**Task brief**:
Output the data word for word. Begin at its first line and end at the line with "Innora siegt unter Thore Hammer-Hansen".

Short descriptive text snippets
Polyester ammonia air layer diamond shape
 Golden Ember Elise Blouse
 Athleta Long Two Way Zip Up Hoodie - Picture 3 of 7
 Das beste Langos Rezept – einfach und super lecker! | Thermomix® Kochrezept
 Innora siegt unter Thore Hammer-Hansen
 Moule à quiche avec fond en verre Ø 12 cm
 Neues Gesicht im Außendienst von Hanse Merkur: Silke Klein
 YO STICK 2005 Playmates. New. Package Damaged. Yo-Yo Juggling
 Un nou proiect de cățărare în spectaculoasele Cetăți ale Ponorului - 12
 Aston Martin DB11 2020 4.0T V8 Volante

**Task response**:
Polyester ammonia air layer diamond shape
 Golden Ember Elise Blouse
 Athleta Long Two Way Zip Up Hoodie - Picture 3 of 7
 Das beste Langos Rezept – einfach und super lecker! | Thermomix® Kochrezept
 Innora siegt unter Thore Hammer-Hansen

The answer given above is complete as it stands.